UniswapV3 部署 - - Foundry Edition
当我阅读 UniswapV3 项目并了解其实现方式时,我想通过测试来进一步学习。然而,我发现大多数在线部署指南都使用 Hardhat 进行部署。因此,我打算撰写一篇使用 Foundry 部署的文档,后续会继续更新和完善。on my Github
UniswapV3是Uniswap协议的第三个版本,是一个去中心化的交易平台,旨在为用户提供流动性提供和交易服务。相较于之前的版本,UniswapV3引入了更加灵活和高级的功能,例如集中价格区间(Concentrated Liquidity),允许提供者在指定的价格范围内提供流动性,从而更好地优化资金利用率和交易执行价格。UniswapV3还引入了更复杂的交易路径,允许用户在多个价格区间进行交易,从而提供更大的灵活性和效率。
首先,UniswapV3 在代码层面的架构和 UniswapV2 的变化则不大,合约层面,主要还是两个库:
core 合约是 uniswap 中负责掌管 pool 和 factory 的仓库。
periphery 存放的是外围合约,这些合约是给用户和开发者一个统一的接口或者是便捷的通证。核心合约有 NFTManager 和 SwapRouter。
与 UniswapV2 不同,不再由 Router 合约作为添加流动性、移除流动性和兑换交易的全部入口,而是把流动性相关的功能放到了单独的合约 NonfungiblePositionManager,而 SwapRouter 主要只用于交易入口。

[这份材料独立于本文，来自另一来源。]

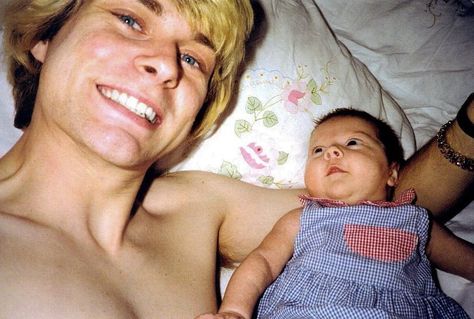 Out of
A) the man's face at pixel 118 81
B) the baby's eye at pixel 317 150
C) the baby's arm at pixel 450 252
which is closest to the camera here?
the man's face at pixel 118 81

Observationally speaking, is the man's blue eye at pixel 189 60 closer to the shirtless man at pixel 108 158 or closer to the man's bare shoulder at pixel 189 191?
the shirtless man at pixel 108 158

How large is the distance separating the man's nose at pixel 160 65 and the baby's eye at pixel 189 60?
0.13 metres

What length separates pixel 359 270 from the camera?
119 cm

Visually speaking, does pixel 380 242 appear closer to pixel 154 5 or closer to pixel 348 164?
pixel 348 164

test/utils/BaseDeploy.sol:setUp
string constant v3FactoryArtifact = "node_modules/@uniswap/v3-core/artifacts/contracts/UniswapV3Factory.sol/UniswapV3Factory.json";
string constant weth9Artifact = "test/utils/WETH9.json";
function setUp() public virtual {
......
// Deploy UniswapV3Factory contract
address _factory = deployCode(v3FactoryArtifact);
poolFactory = IUniswapV3Factory(_factory);
// Deploy SwapRouter contract
swapRouter = new SwapRouter(address(poolFactory), address(weth9));
// Deploy TestNonfungible contract
nonfungiblePositionManager = new NonfungiblePositionManager(
address(poolFactory),
address(weth9),
address(
new NonfungibleTokenPositionDescriptor(
address(_weth9),
bytes32("WETH9")
)
)
);
......
}
这块需要注意,UniswapV3Factory 合约通过读取"node_modules/@uniswap/v3-core/artifacts/contracts/UniswapV3Factory.sol/UniswapV3Factory.json"
以及deployCode
来部署,这一步是为了保证通过 poolFactory 部署的 pool 跟 mintPosition 的池子解析的地址一致,为什么会不一致呢,我们后续再分析。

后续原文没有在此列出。